“And some things that should not have been forgotten were lost”
A highly successful narrative for attracting investments into Fine Wine is to claim it is a safe-haven investment, cushioned from the volatility and downturns of major markets. This logic has always been questionable (Will open a new thread on embedded foreign exchange later). However, Fine Wine has benefited greatly from the 14 year period of nearly zero interest rates globally, and now is suffering from their normalisation. Following Russia’s invasion of Ukraine in 2022, and the resulting spike of inflation leading to higher interest rates, wine prices reversed immediately. Fine Wine, like other non-income generating alternative investments, is highly correlated to interest rates.
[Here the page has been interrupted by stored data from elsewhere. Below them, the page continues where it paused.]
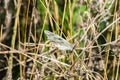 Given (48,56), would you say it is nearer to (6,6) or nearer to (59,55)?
(59,55)

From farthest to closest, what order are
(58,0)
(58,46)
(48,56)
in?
(58,0) < (48,56) < (58,46)

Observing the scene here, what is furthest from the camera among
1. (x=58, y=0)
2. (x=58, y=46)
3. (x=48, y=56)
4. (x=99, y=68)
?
(x=58, y=0)

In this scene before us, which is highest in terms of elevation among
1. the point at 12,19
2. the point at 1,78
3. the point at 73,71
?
the point at 12,19

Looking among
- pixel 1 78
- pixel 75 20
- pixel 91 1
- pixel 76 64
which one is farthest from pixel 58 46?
pixel 1 78

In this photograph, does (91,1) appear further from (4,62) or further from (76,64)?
(4,62)

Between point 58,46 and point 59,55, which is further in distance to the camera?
point 59,55

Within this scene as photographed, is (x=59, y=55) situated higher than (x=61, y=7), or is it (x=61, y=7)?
(x=61, y=7) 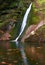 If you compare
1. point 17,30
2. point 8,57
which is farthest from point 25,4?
point 8,57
This resulting selloff has been the worst market environment for Fine Wine in a generation. The previous correction in 2012-2013 was sharp and focused mainly on top Bordeaux wines. For 2022-2024, it has been wide-spread with prices now largely corrected back to before the COVID era rally in 2020.
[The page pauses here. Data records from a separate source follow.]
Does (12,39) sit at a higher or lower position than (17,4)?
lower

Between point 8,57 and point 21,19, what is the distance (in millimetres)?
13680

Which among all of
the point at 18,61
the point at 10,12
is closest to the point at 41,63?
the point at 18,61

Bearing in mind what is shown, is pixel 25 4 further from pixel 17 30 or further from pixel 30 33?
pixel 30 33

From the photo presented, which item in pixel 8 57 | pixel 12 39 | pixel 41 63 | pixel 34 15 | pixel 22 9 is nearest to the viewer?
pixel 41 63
This bearish market is best observed by the lopsided marketplace as an increasing amount of supply has been coupled with a buyers’ strike. This table (attached) shows the ratio of Liv-EX live bids to live offers. In the most liquid segments one year ago, the ratio of bids to offers was largely 1:1. Today the amount of bids to offers has dropped by around 50%.
This lack of equilibrium between buyers and sellers explains the price decreases we have seen in the past 12 months. Conversely, when these ratios begin to trend back to 1:1, prices will have already risen from these lows. The question is have we reached that inflection point or what will trigger that reversal?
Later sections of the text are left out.